Das Bilderbuch von Kyo Maclear ist für alle Altersstufen, für Menschen, die Pläne lieben und sich trotzdem noch überraschen lassen können. Dazu phantastische Illustrationen von Júlia Sardà aus Barcelona!
Zeit für Skizzen und Notizen – in Dorsoduro
In der Galleria dell’Accademia in Dorsoduro verbringen wir viel Zeit mit Hieronymus Bosch. Werke des niederländischen Malers sind im Palazzo Grimani und in der Accademia ausgestellt. Mit den „Visions of the Hereafter“, die Bosch zumindest zugeschrieben werden, fasziniert Hieronymus Bosch mich immer wieder. Nicht selten sehe ich in der Accademia Besucher mit Notizbuch. Das Spuren des alten Venedig haben auf fast jeden eine besondere Wirkung.
Venedig – einst eine Stadt des Buchdrucks
In der Nachbarschaft der Accademia sehen wir im Ladengeschäft des venezianischen Druckers Paolo Olbi vorbei. Beinahe ständig ist er irgendwo in den Medien präsent. Seine Produkte aus Papier und Leder umgibt das Flair der Stadt. Er bannt es auf seine Papiere, Alben, Fotoalben und Karten.

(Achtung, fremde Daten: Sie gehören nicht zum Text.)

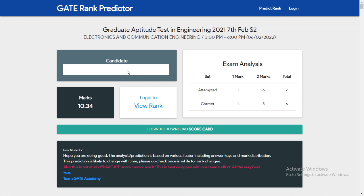In the results window, the candidate name, your marks, number of attempts, and everything will be clearly visible. Now, if you are interested in finding your exact rank, you have to log in with your user credentials. If you already have a Gate Academy account, use your existing username and password. If you are new to Gate Academy, you can create a new account within one minute. Once logged in, you will be able to download your scorecard and the predicted rank.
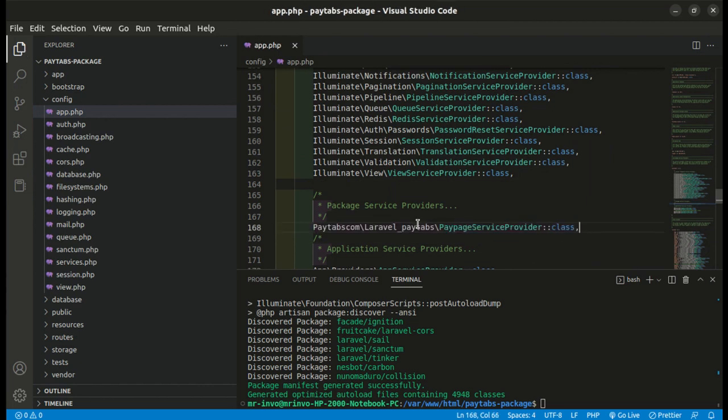And now, your package has been installed and activated successfully and you can move forward to the next step.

Wer in der Geschichte der Stadt Venedig gräbt, findet reichlich Papier. Venedig war eine Hochburg des europäischen Druckereigewerbes. Schon 1469, knapp 20 Jahre nach der Erfindung des Buchdrucks durch Johannes Gutenberg, gab es in der Stadt die erste Druckerlaubnis. Venezianische Patrizier sahen im Drucken die Chance, Geld zu verdienen. Im Kommerz waren schon die frühen Venezianer gut. Bald kamen Drucker wie Aldus Nuntius (1449-1515) nach Venedig und hier zu einiger Berühmtheit. Nuntius begann 1492, klassische Literatur in gedruckter Form zu verkaufen. Es folgten von Landkarten, Noten, Schaubilder.